Jun 24, 2024

A day in the life of a family caregiver

6:37 a.m.
A light scratching against the door and the morning light coming through the edges of the shades awoke me before my alarm had the chance to go off. You don’t get fed until 7:30 a.m., I mumbled to the cat as she continued to mew. It was Wednesday morning, the last day of classes for my graduating senior.

I grabbed my phone to see if there were any messages from the east coast where some of my family live. Silent. Whew, I thought. No emergencies overnight.

I jumped out of bed, ran into the laundry room to start a load of laundry, pushed the coffee maker button, and opened the fridge to see what I might find to make my son for breakfast on his last day of school.

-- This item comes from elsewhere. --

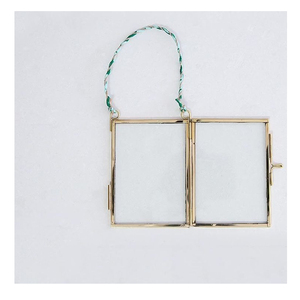 กรอบรูปทองเหลืองทรงสี่เหลี่ยมเคลือบเงาสีทองแวววาวสินค้ามาใหม่กล่องเครื่องประดับสำหรับแขวนติดผนัง - Product Image 1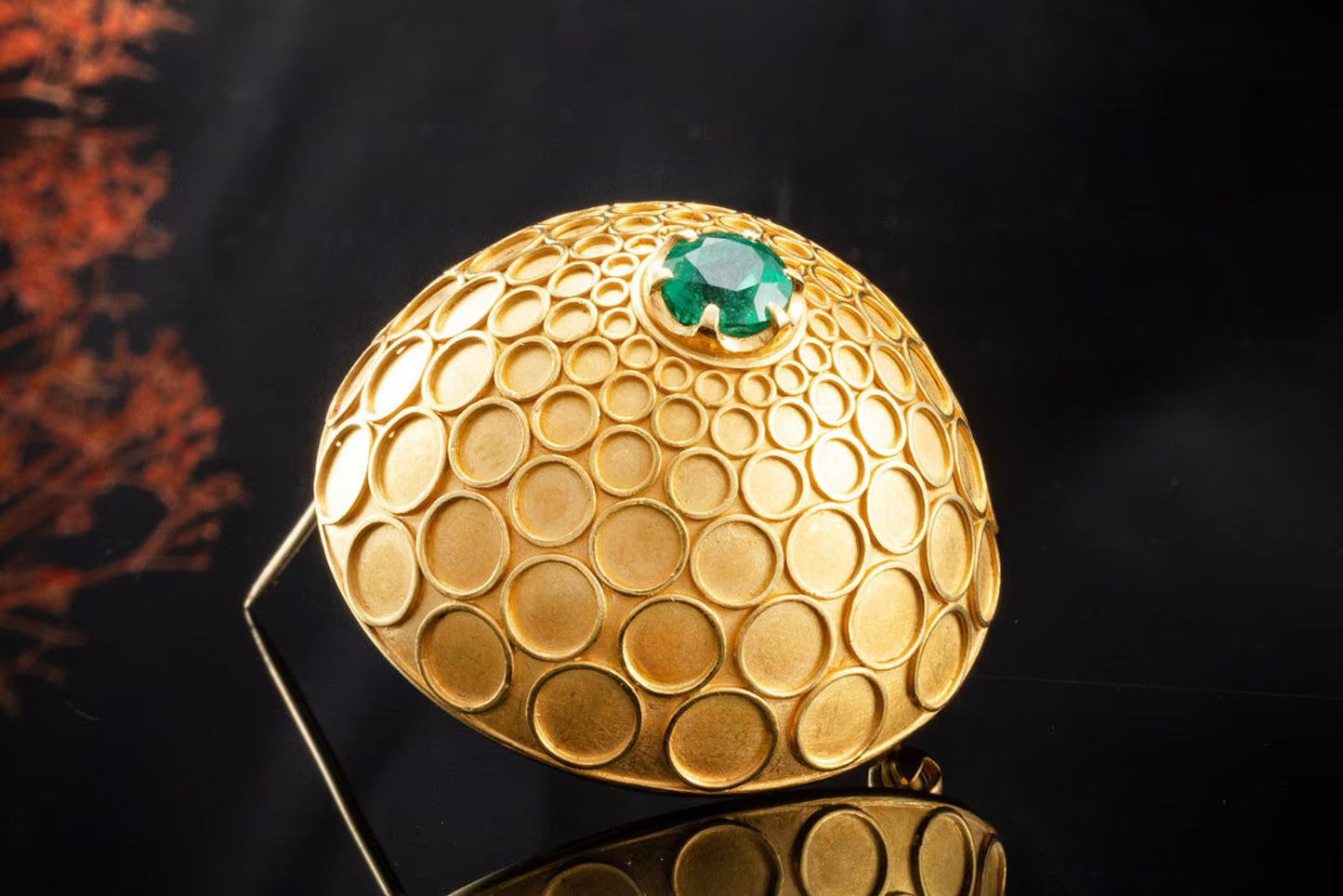 Broche Elisabeth avec émeraude orfèvrerie or jaune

The morning routine is pretty, well, routine:
Feed the cats.
Feed the dogs.
Feed the kid.
Give the animals fresh water.
Toss a load of laundry into the dryer and a load into the washer.
Walk the dogs.
Kiss my husband goodbye as he leaves for work.
Text my mom who just enrolled in hospice to see if she slept well and how her pain was on a scale of 0 to 10. A two. Great, I wrote back. The daily pain meds should bring that back down to a zero in an hour or so. I’ll check back in a bit later today.

Pour coffee.
Get a glass of water.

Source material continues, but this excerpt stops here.